I have a list of already extracted terms and I don't want to analyze them again (so I mark field "not_analyzed").
Next I'm trying to store them as array of strings. Here is an example:
// create index
curl -XPUT 'http://localhost:9200/test/' -d '{
"settings" : {
"number_of_shards" : 1,
"number_of_replicas" : 0
},
"mappings": {
"doc": {
"properties": {
"terms": {
"type": "string",
"index" : "not_analyzed",
"term_vector" : "yes"
}
}
}
}
}'
// some data
curl -XPUT 'http://localhost:9200/test/doc/1' -d '{
"terms" : ["quick", "brown", "fox"]
}'
curl -XPUT 'http://localhost:9200/test/doc/2' -d '{
"terms" : ["the", "red", "fox", "fox"]
}'
1) Term_vectors
All terms have correct term_freq and doc_freq values, but ttf == -1.

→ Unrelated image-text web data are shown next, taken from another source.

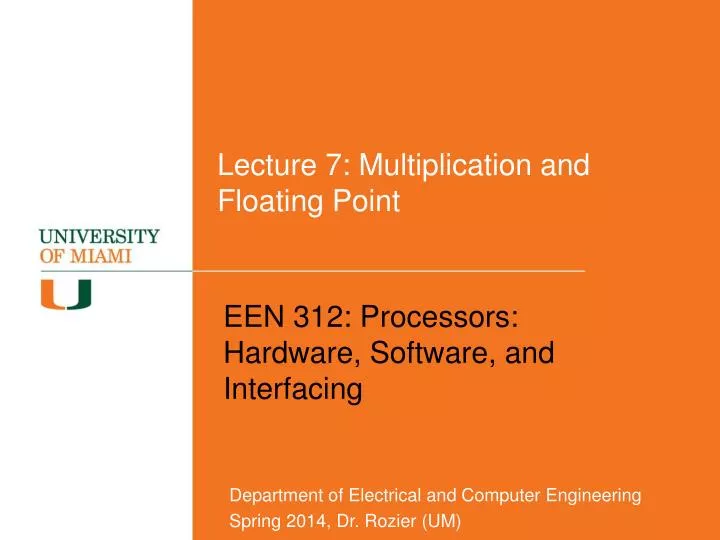 lecture 7 multiplication and floating point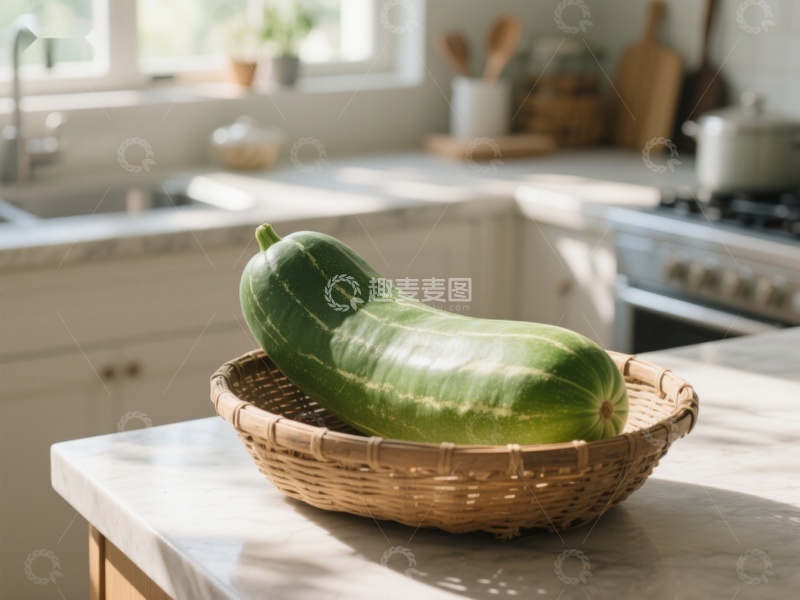 高清大图下载【趣麦麦图】厨房台面上的绿色南瓜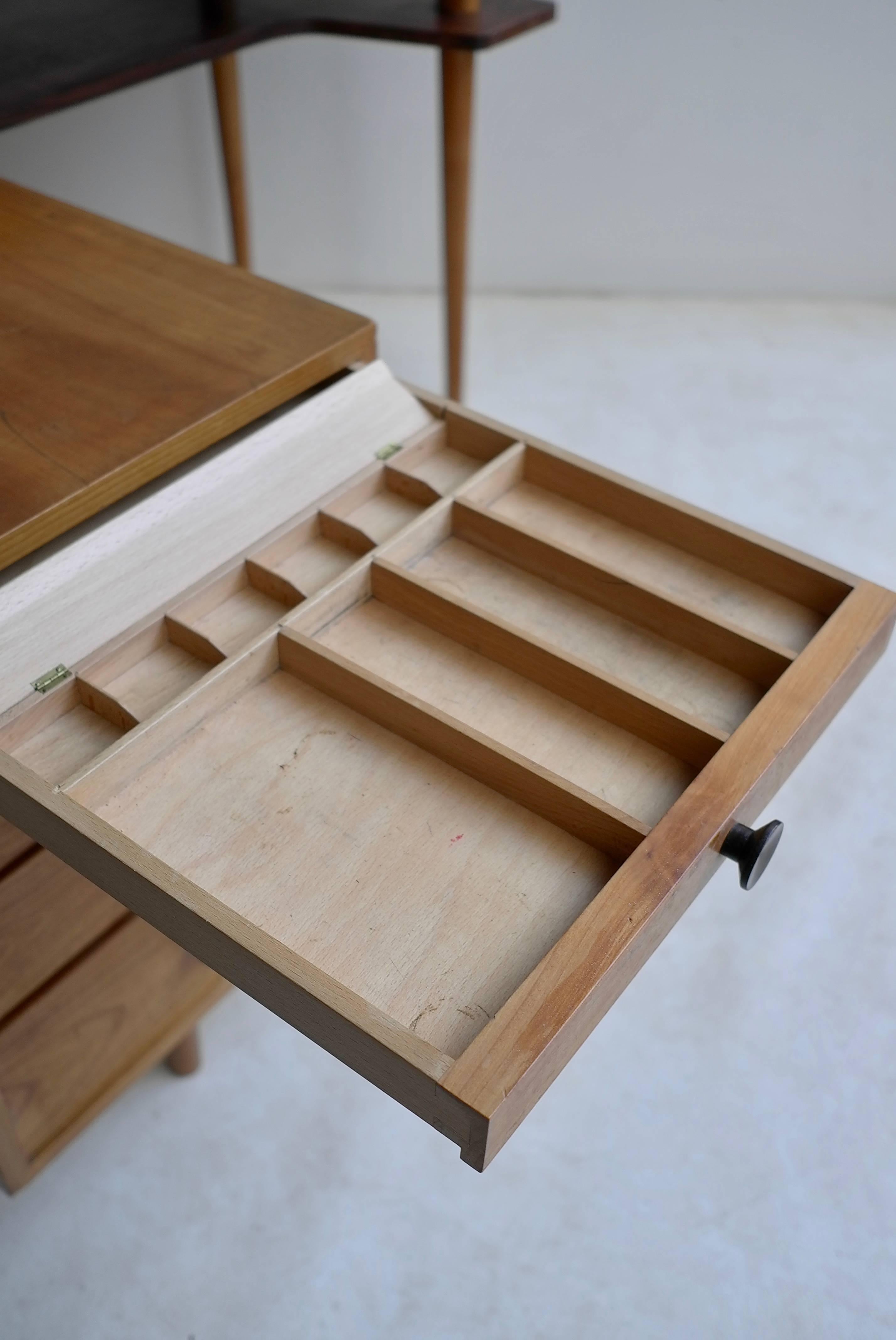 Mid-Century Modern Elegant L Shaped 1950s Desk with Fine Macassar Ebony Details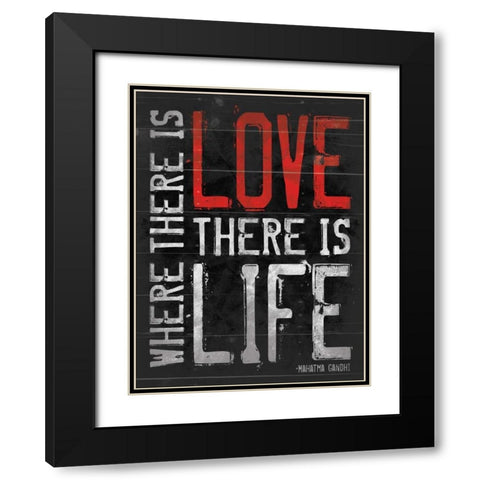Love Life Black Modern Wood Framed Art Print with Double Matting by Grey, Jace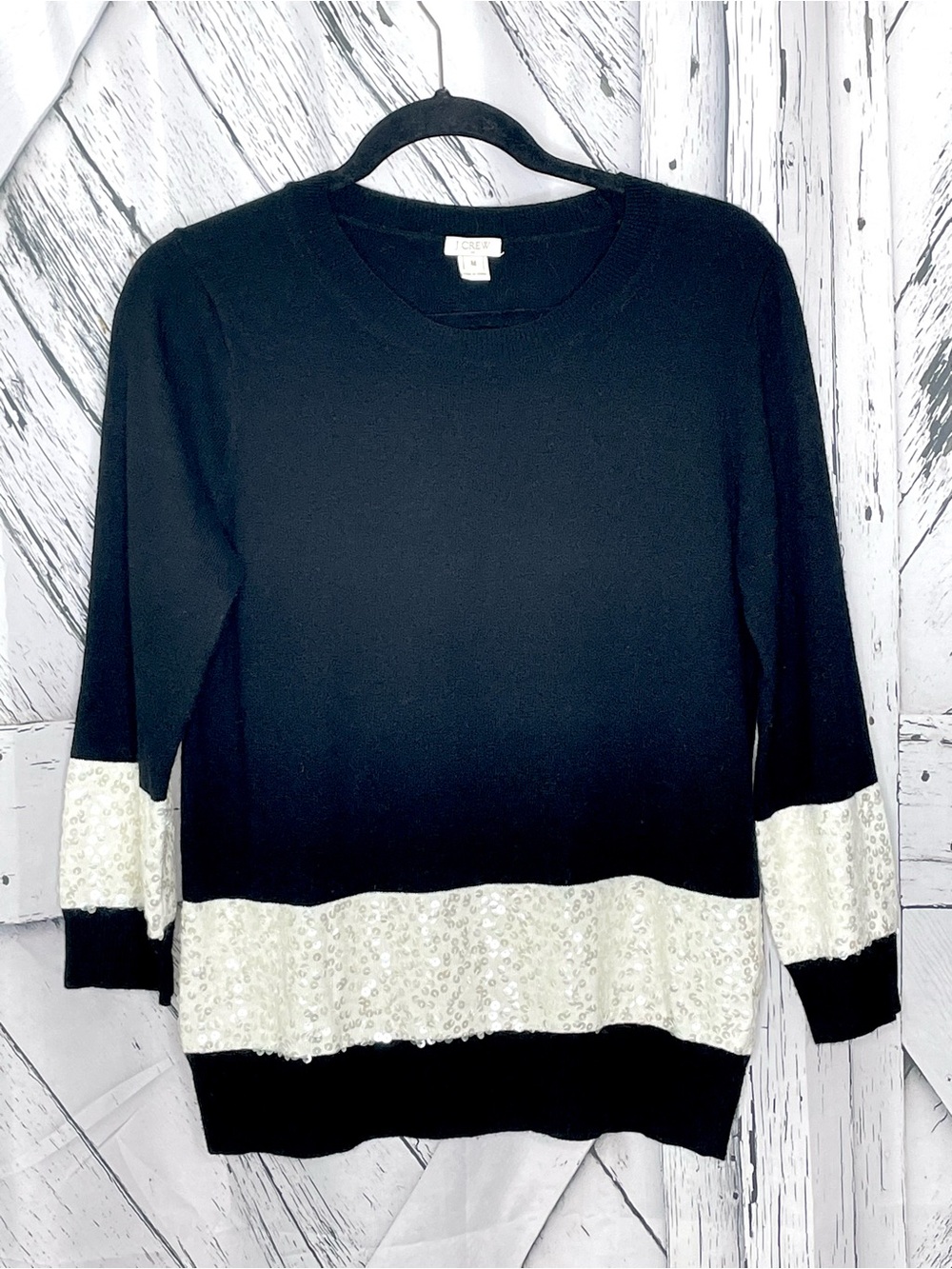 J CREW black and gold sequins sweater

curl -XGET 'http://localhost:9200/test/doc/1/_termvectors?pretty=true' -d'{
"term_statistics" : true,
"field_statistics" : true
}'
2) Finding similar documents for document with _id = 1.
Explain query show that term "fox" has tf == 1.0, but I expected 2.0.
curl -XPOST 'http://localhost:9200/test/doc/_search?explain' -d '{
"query": {
"more_like_this": {
"fields": ["terms"],
"like": [{"_id" : "1"}],
"min_term_freq": 1,
"min_doc_freq": 1
}
}
}'
I know what I can concatenate terms into string and store it, use elastic's analyzer (ex
Whitespace Analyzer) to build terms.
But I wonder whether it is possible to store terms in array of string and have correct "tf" in explain query and "ttf" value for each terms in vector?
*If I mark field "terms" as "analyzed" all working fine => ttf and tf calculated correctly.